Your reasoning is fine. To make $k$ pairs, you can choose the $k$ women, put them in order, choose the $k$ men, and choose the order of the men, so ${n\choose k}^2k!$

Answer 2

I assume that each pair must consist of a man and a woman since all example pairs are of this sort. Let there be $N$ men and $N$ women. Suppose we are making a pairing of just $M \leq N$ women

First, $W_1$ has a pairing among the $M$ men. Then $W_2$ has a pairing among the remaining $M-1$ men. Then $W_3$ has a pairing among the remaining $M-2$ men. ... Finally $W_M$ is paired with the $M-(N-1)=M-N+1$ remaining man.

Since there are $M$ initial options, then $M-1$ remaining (independent) options, then $M-2$ remaining independent options, ..., then $M-N+1$ remaining options, we compute $M \cdot (M-1) \cdot (M-2) \cdots (M-N+1) = \frac{M!}{(M-N)!}$ pairings.

Since we have ordered the women, each such assignment of men is unique. Additionally, every assignment of men is produced by this process. (Suppose not, then $W_1$ was assigned to some man and $W_2$ was assigned to some remaining man and ... and $W_M$ was assigned to one of the remaining men, so the supposed assignment was actually produced by the process.) Therefore, this counts the total number of assignments for a fixed M.

The total number of pairings is then $\sum_{M=1}^N \frac{M!}{(M-N)!} = N! \sum_{M=1}^N \frac{M!}{(M-N)!N!} = N! \sum_{M=1}^N \binom{M}{N} = N!\left(-1+ \sum_{M=0}^N \binom{M}{N} \right) = N!(2^N-1)$.

Answer 3

It seems like a pair has to consist of one man and one woman.
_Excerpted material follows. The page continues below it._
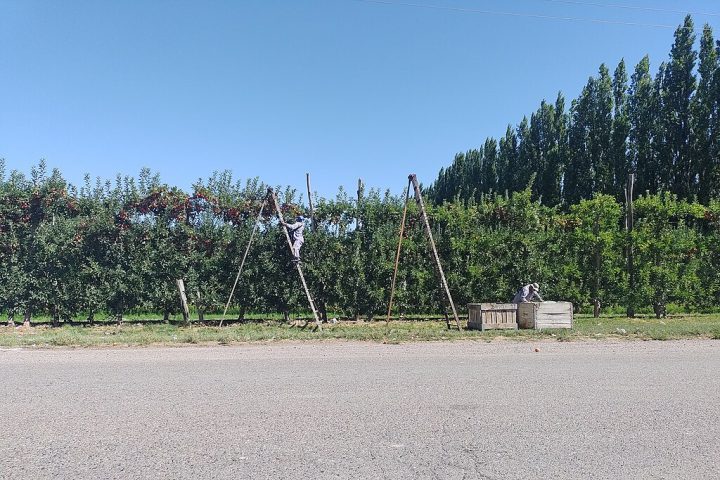 É uma região conhecida principalmente por sua produção frutícola, especialmente maçãs e peras, que são exportadas para todo o mundo.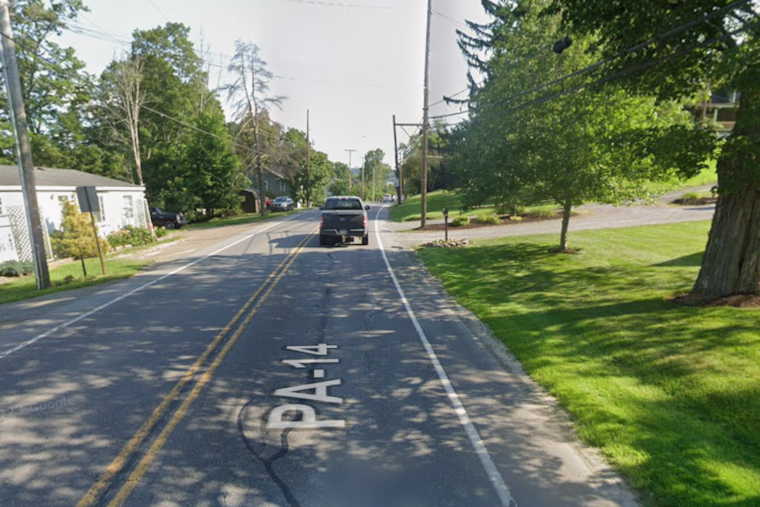 Route 14 Snake Dump Shocks Bradford County as Cops Hunt Cold-Blooded Culprit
Say we want to count the number of different groups having $k$ pairs. Then we select $k$ men and $k$ women and multiply the number of ways to do each which is just $\binom{N}{k}^2$.

Assuming that the order of the pairs within the groups doesn't matter so the above expression for the number of groups with $k$ pairs is right. Otherwise you need to multiply by $k!$ per Ross's answer above.

Then just sum over all numbers of pairs per group and you get:

$$\sum_{k=0}^{N}\binom{N}{k}^2 = \binom{2N}{N}$$

A proof of this sum can be found here: Inductive proof that ${2n\choose n}=\sum{n\choose i}^2.$

As the total number of groups.

Note: If order does matter within each group then your expression for the total group count is: $\sum_{k=0}^{N}\binom{N}{k}^2k!$. Which according to Wolfram Alpha does not have a nice expression.